Ich kann erstmal gar nicht weitergehen und sitze heulend unter dem Double Arch. Irgendwann lässt der Schock dann nach und wir schieben uns zum Pontiac zurück. Ich humpele vorsichtig den Weg hinauf, mein Freund holt ein Handtuch und kaltes Wasser und versucht das Knie zu kühlen. Das tut richtig gut. Und einfach mal in der Nachmittagssonne am Straßenrand sitzenzubleiben und zu verschnaufen ist auch nicht verkehrt. Während wir immer wieder das Handtuch ins Eiswasser tauchen und auf mein Knie legen, können wir außerdem zuschauen, wie sich komplette Busladungen von Urlaubern zum Hinweisschild am Double Arch schieben, einen Blick in die Landschaft werfen, das Schild fotografieren und dann wieder in den Bus steigen. In ihrem Reisekatalog steht für heute bestimmt „Auf der Fahrt durch den Nationalpark sehen Sie den wunderschönen Double Arch", und das ist ja nicht mal gelogen.

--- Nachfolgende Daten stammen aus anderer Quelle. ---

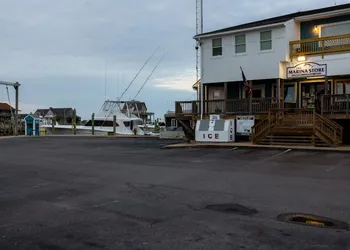 Hatteras Harbor Marina hotel thumbnail 2
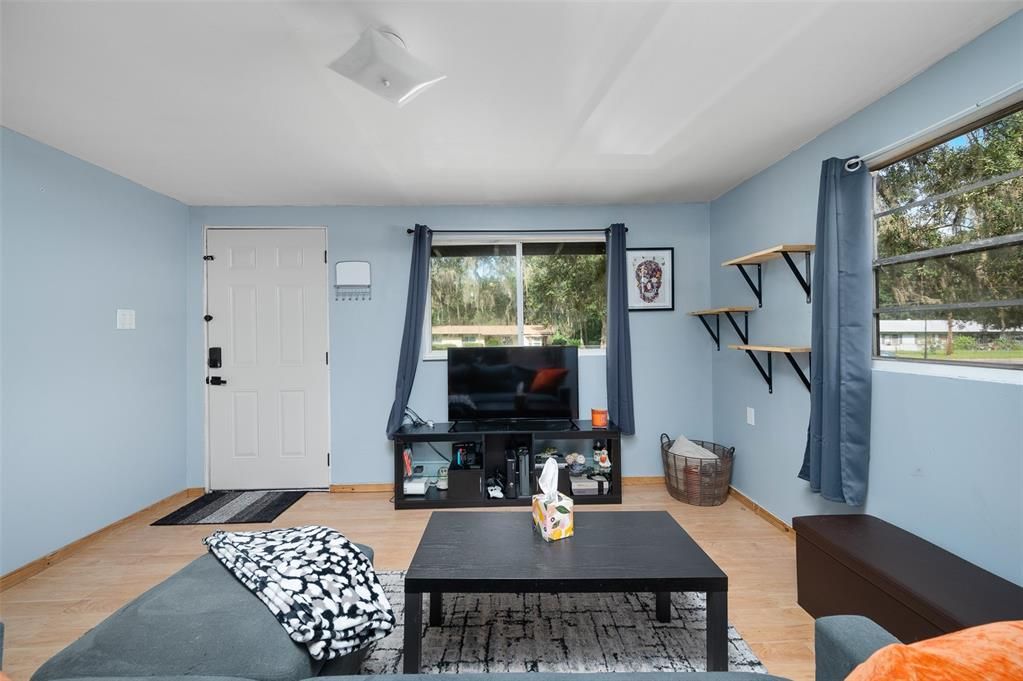 待售: $160,000 (2 贝兹, 1 浴室, 624 平方英尺)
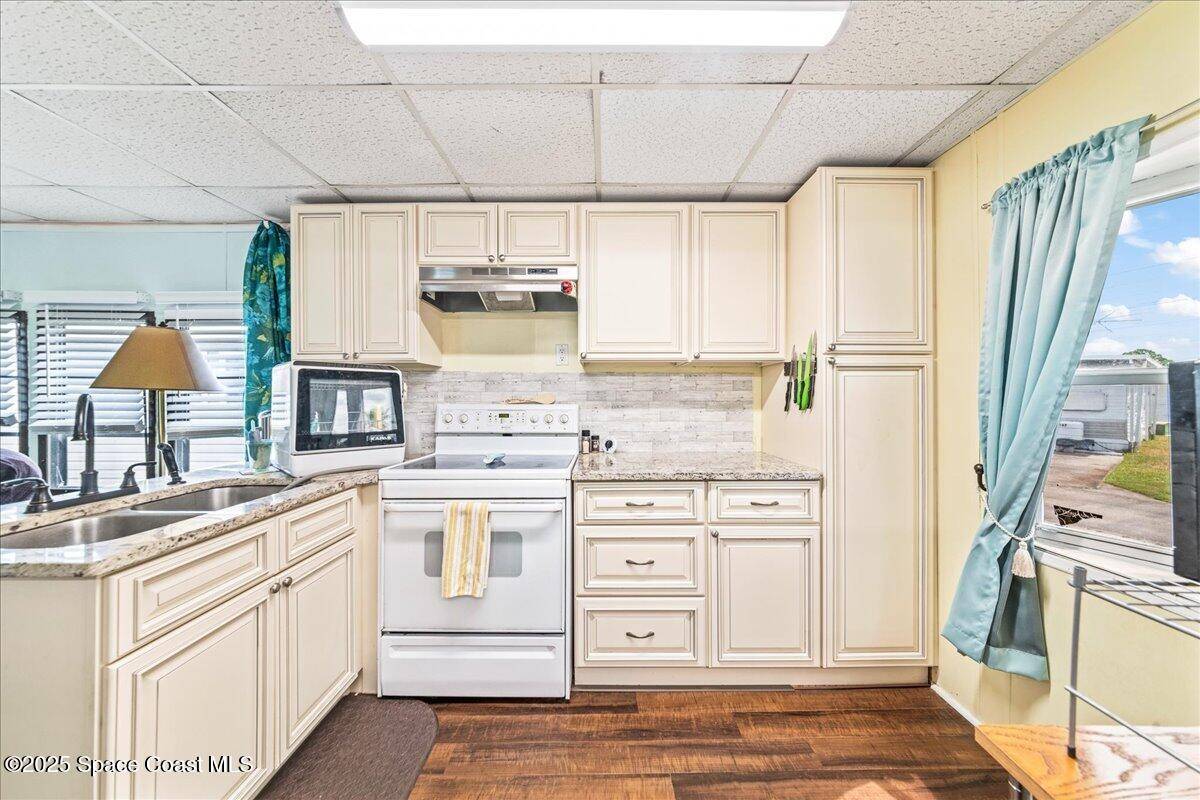 Cocoa, FL 32926,140 Blue Lake PL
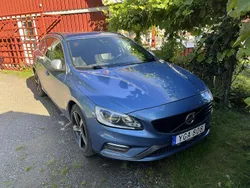 Blå Begagnad 2017 Volvo V60 Kombi | 180 000 kr (Lite dyr)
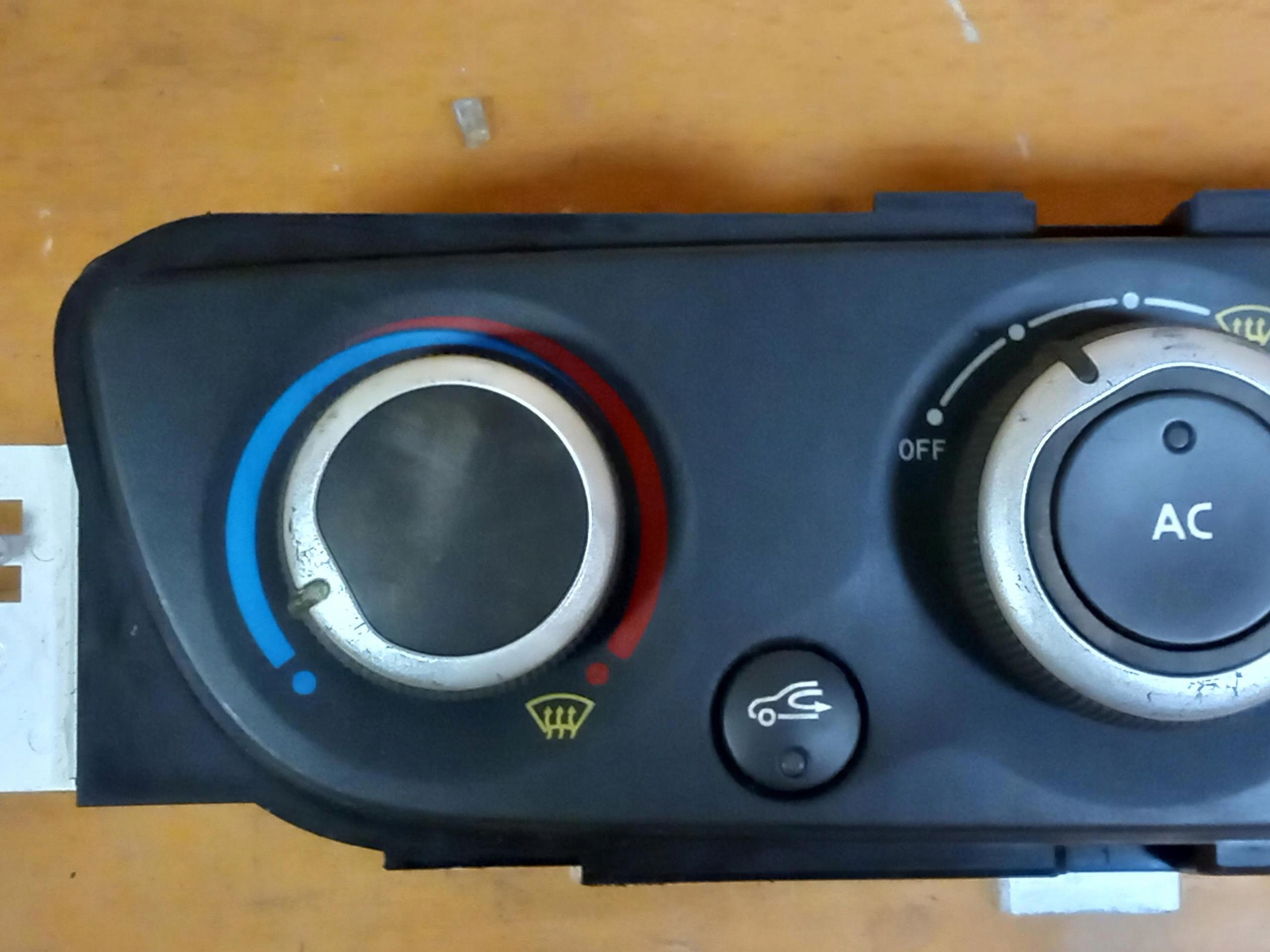 Unite commande clima RENAULT SCENIC III T1001786G 08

Mein Knie entscheidet sich schließlich dafür, nur ein kleines bisschen anzuschwellen und Spuren von Blau zu zeigen, und damit kann ich fürs erste leben. Größere Wanderungen sind für den Rest des Tages für mich natürlich gestrichen. Zum Lower Delicate Arch Viewpoint schaffe ich es noch, aber der ist ja auch nur 100 yards vom Parkplatz entfernt. Zum Sonnenuntergang trennen wir uns dann. Mein Freund wandert die Schleife in der Windows Section entlang, und ich setze mich an den Balanced Rock, der bei Sonnenuntergang fast noch schöner leuchtet als der Delicate Arch.
Zum Abendessen gönnen wir uns heute mal was ordentliches und gehen ins Buck's Grillhouse. Mein Büffelfilet ist wunderbar zart, und der kalifornische Weißwein tut sein bestes, um Speicherkartenärger, Schmerzen und den Schock über die anschließende 100-Dollar-Rechnung abzumildern. Vor dem Einschlafen packe ich mein Knie noch in einen Verband und das mitgebrachte Sportgel ein. Um mir noch große Sorgen über die weitere Tour zu machen, bin ich einfach zu müde. Also mal schauen, was das Universum morgen für uns bereithält.